** Activity **
The records that follow are to be copied word for word. Pictures should be omitted.

(Crawled caption data)

◇ ◇ ◇

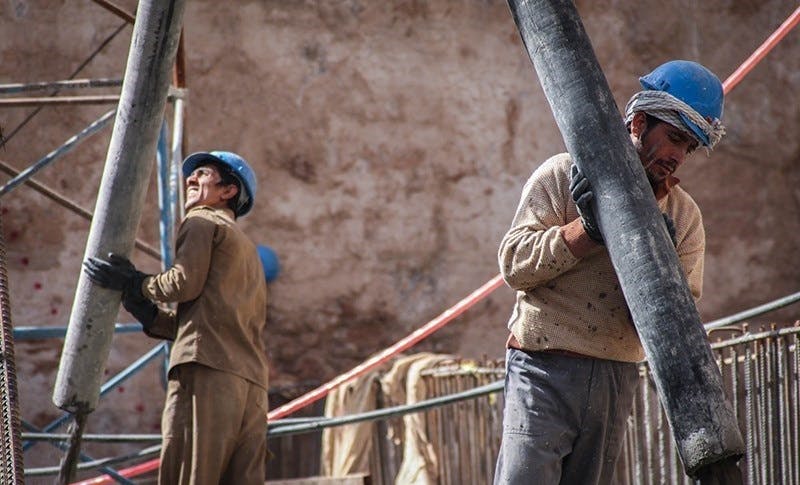 دو کارگر در یک پروژه احتملا نفت و گاز با لباس کار و در حالی بلند کردن دو لوله فلزی بلند.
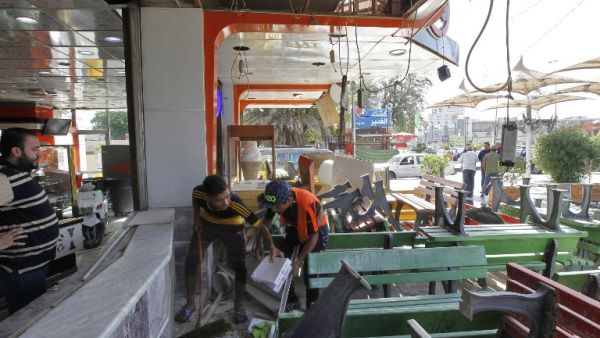 Iraqis check an ice cream shop in Baghdad's Karrada district in the aftermath of a car bomb explosion on May 30, 2017. (Sabah Arar/AFP)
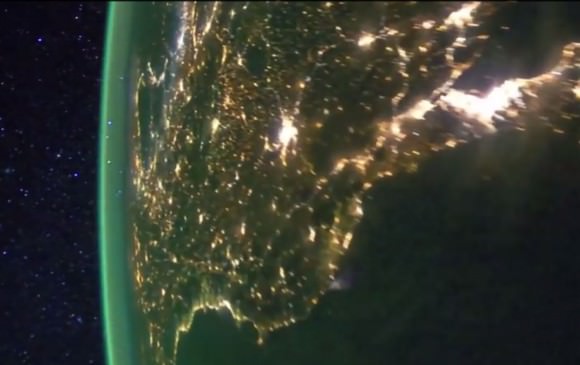 Photo taken of Earth at night from the International Space Station showing bright splashes of city lights and the airglow layer off in the distance rimming the Earth's circumference. Credit: NASA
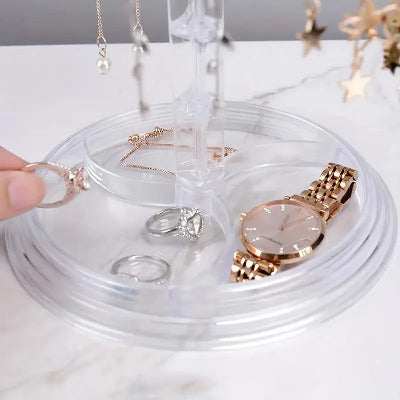 Porte bijoux  Élégant pratique transparent rempli de bijoux sur sa base posé sur support blanc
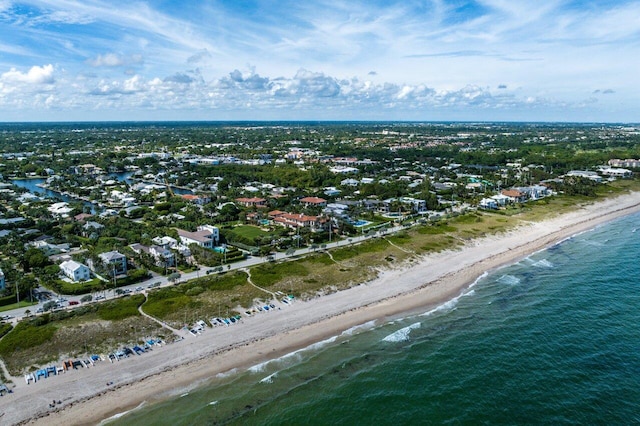 birds eye view of property featuring a water view and a view of the beach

◇ ◇ ◇

** Output of the task **
 دو کارگر در یک پروژه احتملا نفت و گاز با لباس کار و در حالی بلند کردن دو لوله فلزی بلند.
 Iraqis check an ice cream shop in Baghdad's Karrada district in the aftermath of a car bomb explosion on May 30, 2017. (Sabah Arar/AFP)
 Photo taken of Earth at night from the International Space Station showing bright splashes of city lights and the airglow layer off in the distance rimming the Earth's circumference. Credit: NASA
 Porte bijoux  Élégant pratique transparent rempli de bijoux sur sa base posé sur support blanc
 birds eye view of property featuring a water view and a view of the beach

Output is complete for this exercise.